The Focșani Gate (;  or ) is a militarily and strategically vulnerable area in Romania and NATO. Control of the Focșani Gate allows entry into vast tracts of Romanian territory and several other regions of Europe.

History
The area around the city of Focșani was already recognized as a weak point in Romania back in 1882. In that year, the government of Romania carried out a study to identify all the areas of the country where the terrain was not enough for defense and for engineering work to be taken on these areas to reinforce them. A few years before, Russia, a state then allied to Romania with which it had fought together in the Russo-Turkish War of 1877–1878, had stripped away the region of Southern Bessarabia from Romania, causing tensions between the two countries.
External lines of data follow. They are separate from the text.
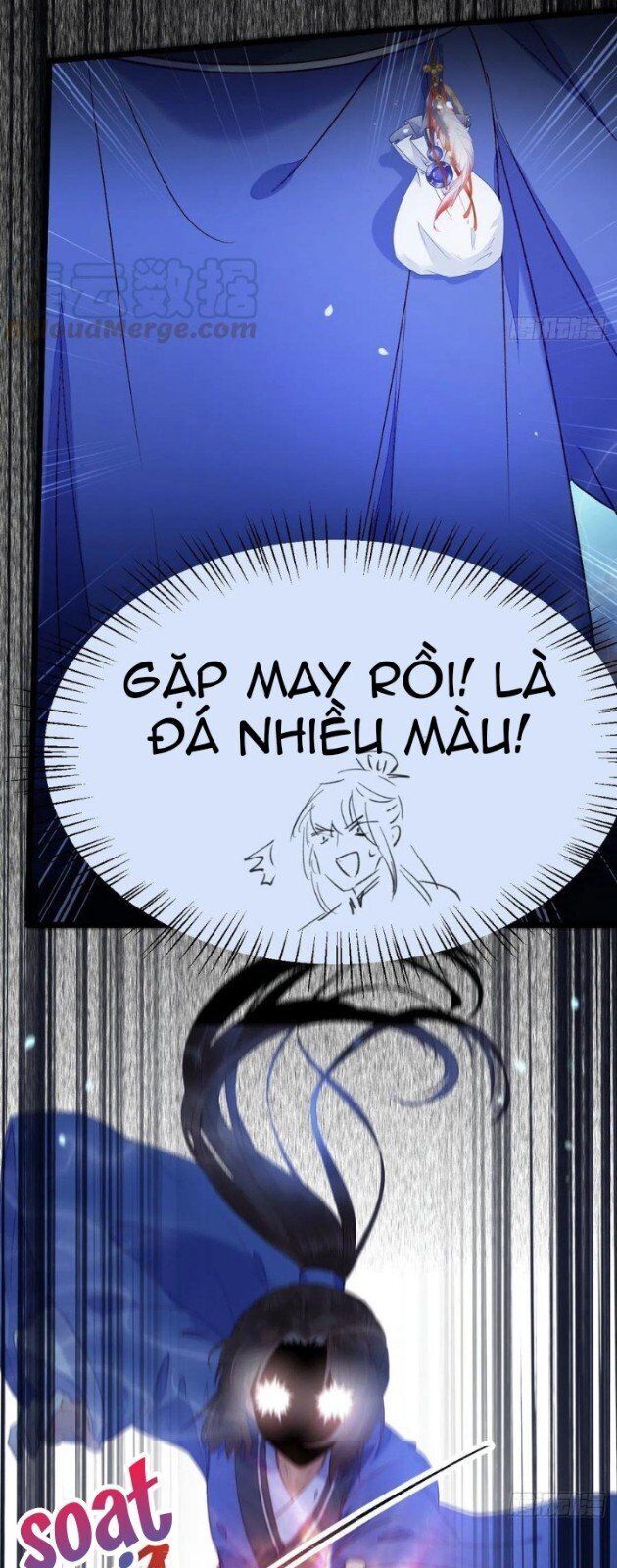 Tuyệt Sắc Quyến Rũ: Quỷ Y Chí Tôn Chapter 345 - Trang 2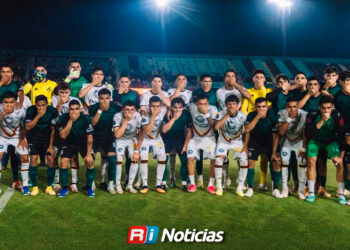 “Queremos ganarnos el ascenso”: futbolistas de Expansión exigen posibilidad de regresar a Primera División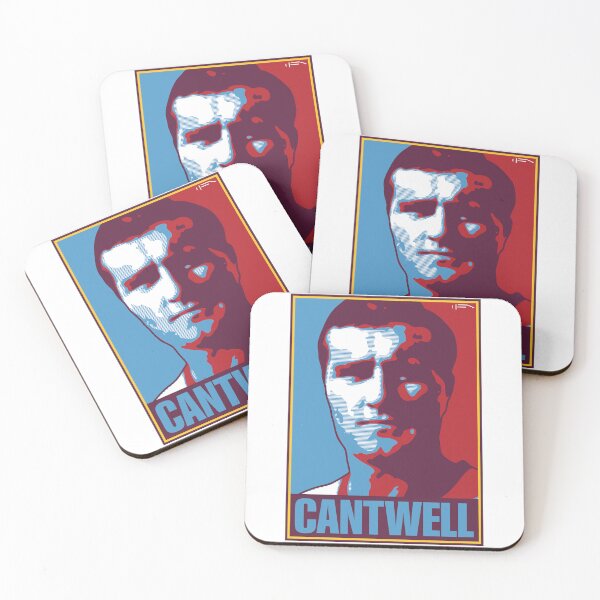Item preview, Cantwell - WHU designed and sold by DFA.
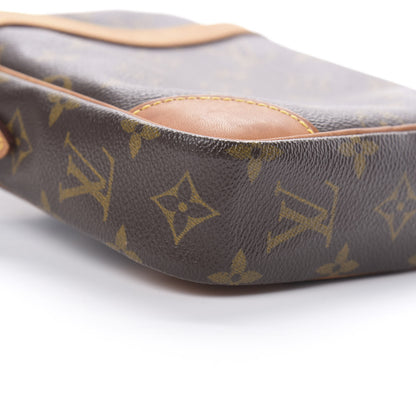 Louis Vuitton Monogram Danube 21 9 of 13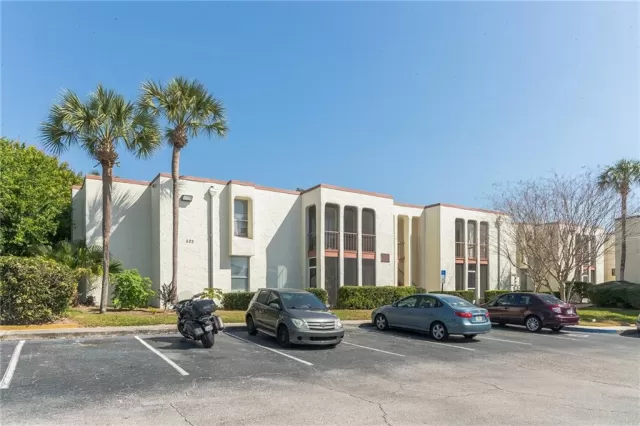 MLS: O5848681 Condo For Sale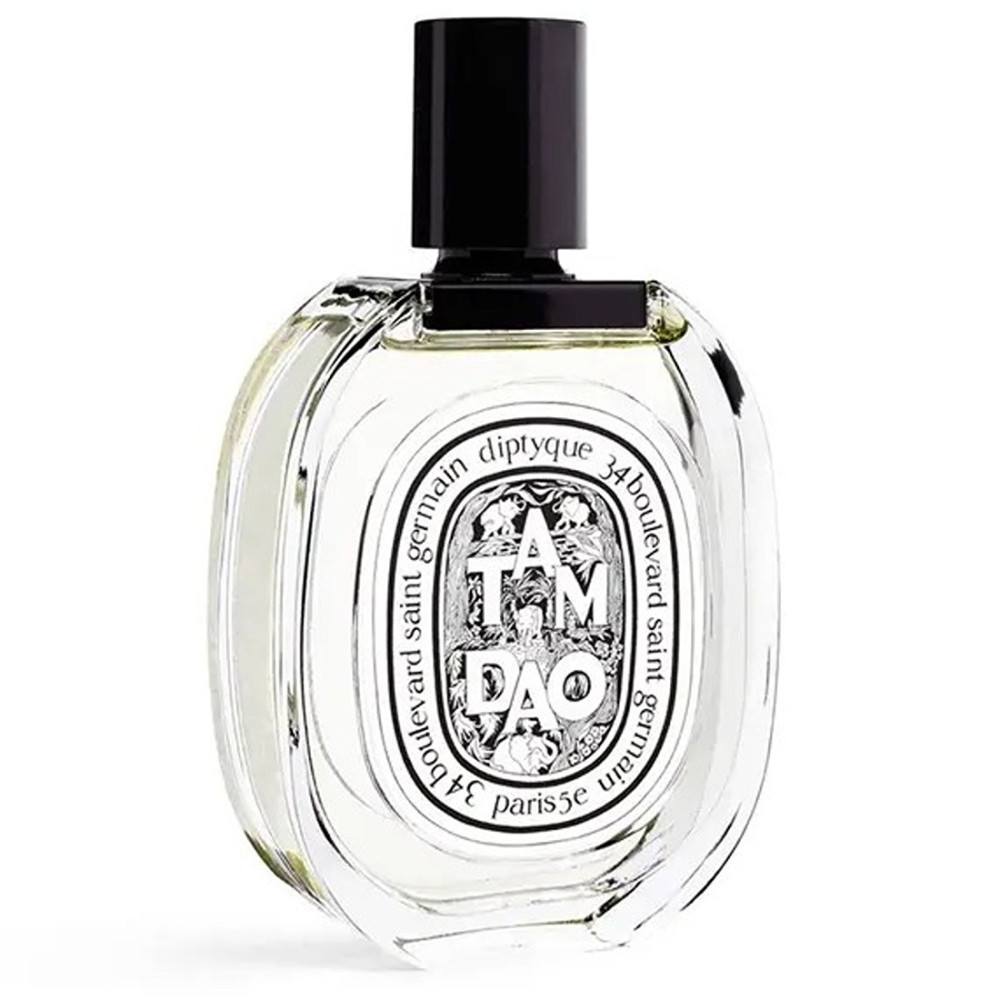 Diptyque Tam Dao For Unisex Eau De Toilette, 100 Ml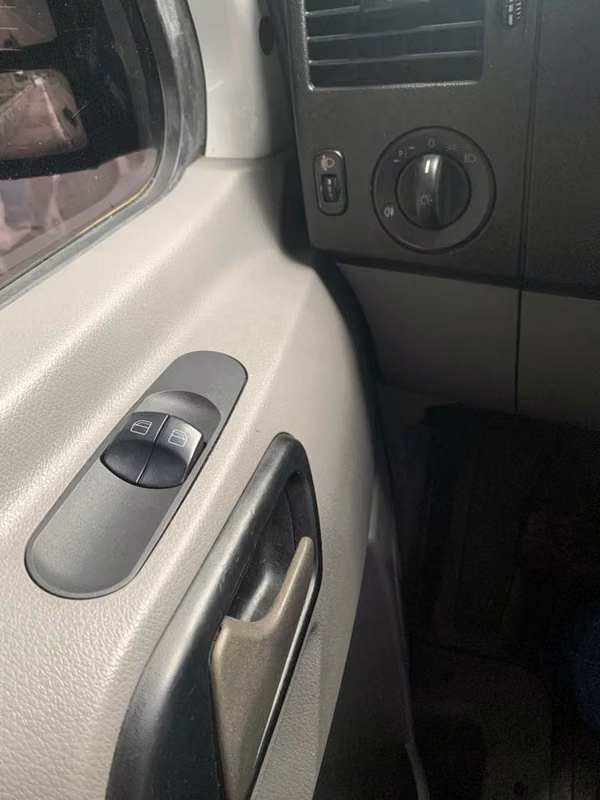 GRAN OPORTUNIDAD BUS MERCEDES SPRINTER 16+1 Pasajeros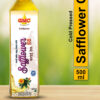 GMC Cold Pressed Safflower Oil 500ML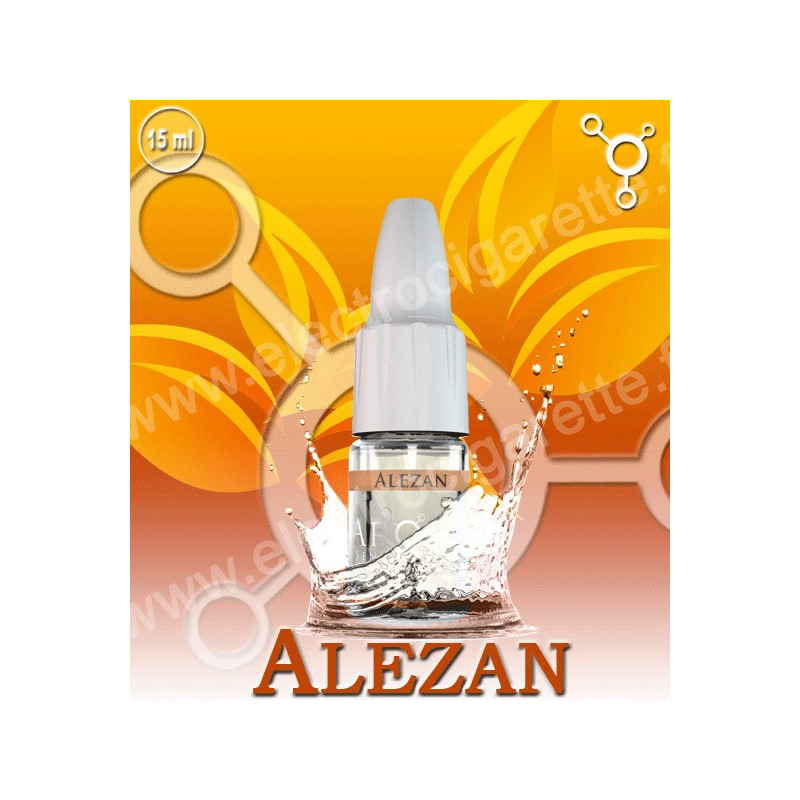 Tabac Alezan - Aroma Sense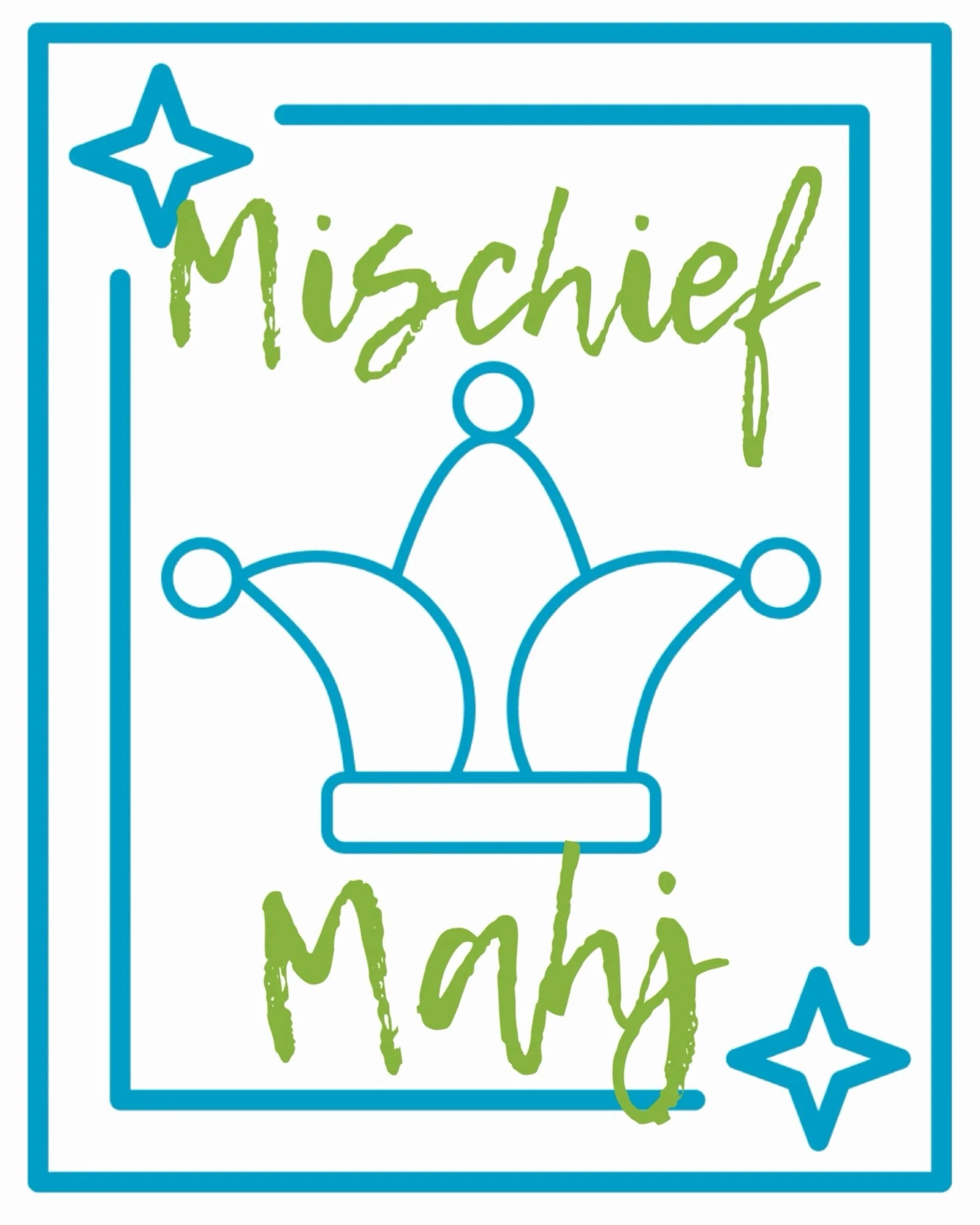 Mischief Mahj Open Play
Concerns over Romania's defensive capabilities arose, and the studies were performed. To defend the Focșani Gate, the  was built.

The Focșani Gate saw consideration in Hypothesis Z, Romania's war plan for World War I. As Romania faced defeat from the Central Powers, the Romanian Army retreated to the Focșani Gate. Furthermore, important battles for Romania were fought in this area, including the defensive Battle of Mărășești and the offensive Battle of Mărăști, with the important defensive Third Battle of Oituz also having been fought near the Focșani Gate.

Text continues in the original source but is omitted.